> [ACTIVITY]:
This exercise calls for the line with "Team OAR figure", the line with "Blouse Crop Gaze", and all lines between them in the material below, output exactly and with no other lines.
──────── SOURCE MATERIAL ────────
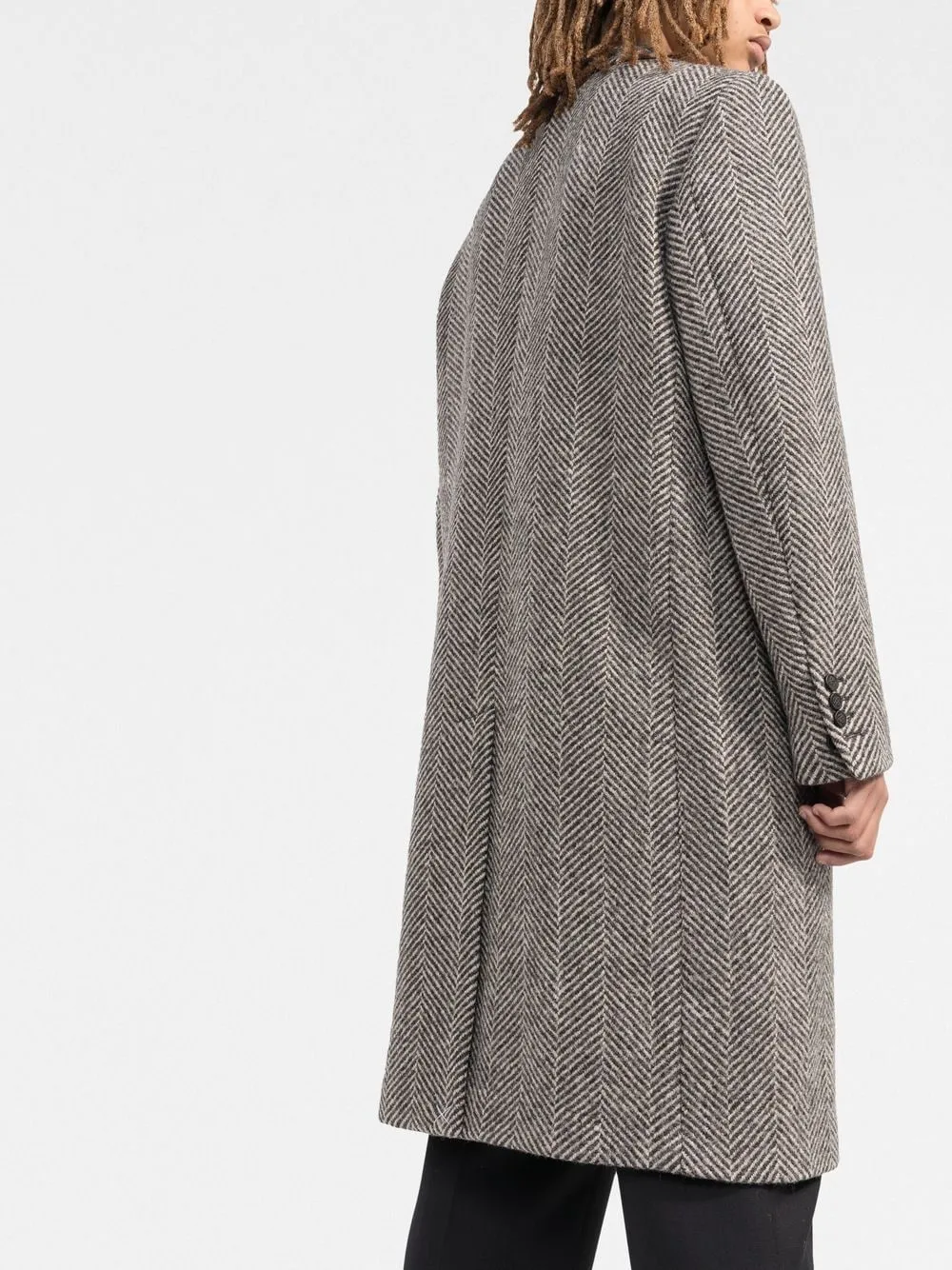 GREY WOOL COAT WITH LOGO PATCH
────────
──────── SOURCE MATERIAL ────────
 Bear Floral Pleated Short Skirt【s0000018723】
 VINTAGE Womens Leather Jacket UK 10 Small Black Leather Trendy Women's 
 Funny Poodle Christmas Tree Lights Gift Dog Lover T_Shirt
────────
──────── SOURCE MATERIAL ────────
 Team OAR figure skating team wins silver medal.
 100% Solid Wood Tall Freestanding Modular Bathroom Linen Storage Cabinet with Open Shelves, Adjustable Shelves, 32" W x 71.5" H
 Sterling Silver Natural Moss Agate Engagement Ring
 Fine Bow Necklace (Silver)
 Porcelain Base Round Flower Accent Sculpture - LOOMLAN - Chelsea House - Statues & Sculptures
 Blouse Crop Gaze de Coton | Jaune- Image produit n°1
────────
> [RESPONSE TO THIS EXERCISE]:
 Team OAR figure skating team wins silver medal.
 100% Solid Wood Tall Freestanding Modular Bathroom Linen Storage Cabinet with Open Shelves, Adjustable Shelves, 32" W x 71.5" H
 Sterling Silver Natural Moss Agate Engagement Ring
 Fine Bow Necklace (Silver)
 Porcelain Base Round Flower Accent Sculpture - LOOMLAN - Chelsea House - Statues & Sculptures
 Blouse Crop Gaze de Coton | Jaune- Image produit n°1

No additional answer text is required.